Never bothered myself when I've had turbo's. TBH I couldn't be mithered faffing about changing the wheels anyway.

Just stick it in and ride it won't harm your current wheel/tyre.


----------



## Sniffer77 (28 Aug 2014)

Cheers, I've tried it the other day and it seemed to wear the tyre after about half hour that I've got .

I thought of just getting another cheap wheel and sticking a turbo tyre on it .


----------



## smokeysmoo (28 Aug 2014)

I'd suggest you may have got the tension too high against the tyre, or you may benefit from different tyres.

I've never used them for long periods TBH as I want to blow my brains out after half an hour, but I've never had any tyre degradation when I have owned the and my mate uses one regularly, (and uses it hard), yet has never had any tyre issues TBH.


----------



## Sniffer77 (28 Aug 2014)

From what I can see I can't change the tension as the roller springs up and rests against the tyre.
It's an elite mag turbo from halfords.
Tyres are schwalbe Lugano , only had bike 3 months so want to keep training at night in winter


----------



## smokeysmoo (28 Aug 2014)

No worries, I'm not familiar with the turbo TBH.

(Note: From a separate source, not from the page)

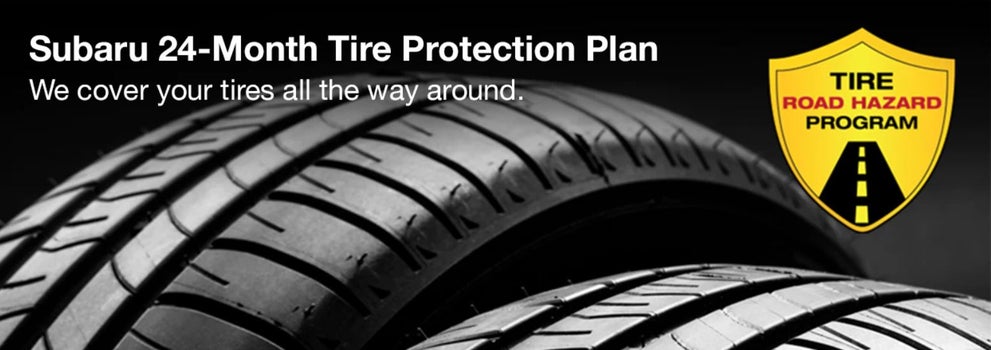 Subaru tire with 24-Month Tire Protection and road hazard program logo. | Romeo Subaru in Saratoga Springs NY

Best advice IMO would be to get some lights, mudguards and weather gear and get out and ride, it'll do wonders for your sanity versus sitting on a turbo


----------



## jack smith (28 Aug 2014)

No tyre should wear from 30 mins on a turbo, not unless the roller is made of sandpaper


----------



## Sniffer77 (31 Aug 2014)

Right I've managed to get a new wheel tyre and tube. 
Re cassette, should I get exactly the same as on the bike now? If so how to I check what type it is , I've looked at it and can't see it written anywhere .
Sorry for basic question to some of you.
Thanks


----------



## smokeysmoo (31 Aug 2014)

Sniffer77 said:


> Right I've managed to get a new wheel tyre and tube.
> Re cassette, should I get exactly the same as on the bike now? If so how to I check what type it is , I've looked at it and can't see it written anywhere .
> Sorry for basic question to some of you.
> Thanks


It will have the product code stamped on somewhere but you don't have to buy the exact same one anyway, just make sure you get Shimano* or Campagnolo, (whichever you run), and FWIW I'd stick to the same ratio cassette, (eg: 12-25), just to avoid any issues with chain length.

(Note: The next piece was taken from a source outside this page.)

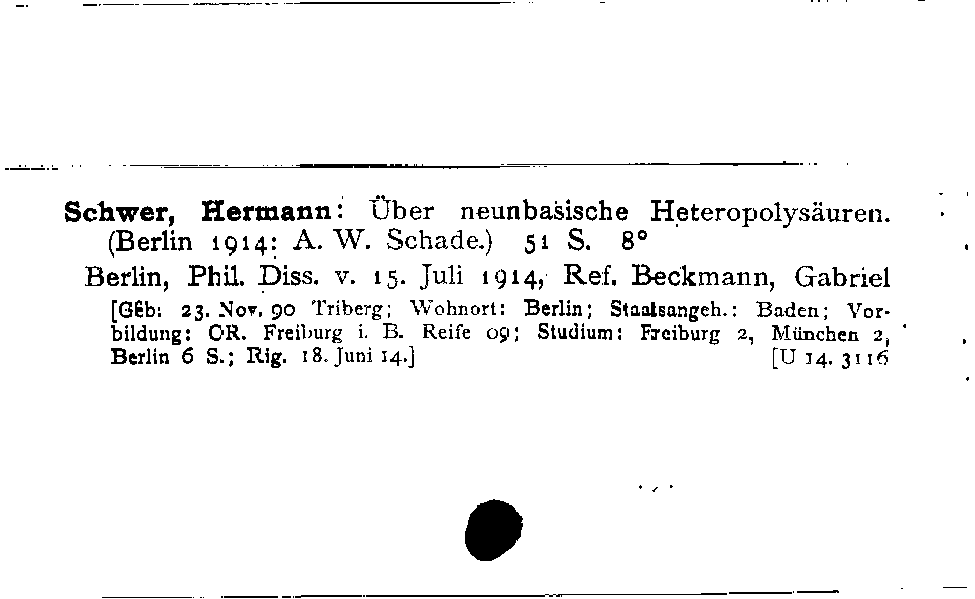 [Katalogkarte Dissertationenkatalog bis 1980]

If in doubt just count the teeth on the largest and the smallest sprockets and get the same. Also, as you've gone down the extra wheel route anyway I'd stick the new cassette on the road wheel and the old cassette on the turbo wheel.

*Sram cassettes are fully compatible with Shimano as well.


----------



## Sniffer77 (31 Aug 2014)

smokeysmoo said:


> It will have the product code stamped on somewhere but you don't have to buy the exact same one anyway, just make sure you get Shimano* or Campagnolo, (whichever you run), and FWIW I'd stick to the same ratio cassette, (eg: 12-25), just to avoid any issues with chain length.
> 
> If in doubt just count the teeth on the largest and the smallest sprockets and get the same. Also, as you've gone down the extra wheel route anyway I'd stick the new cassette on the road wheel and the old cassette on the turbo wheel.
> 
> *Sram cassettes are fully compatible with Shimano as well.


 
Thanks , appreciate your guidance


----------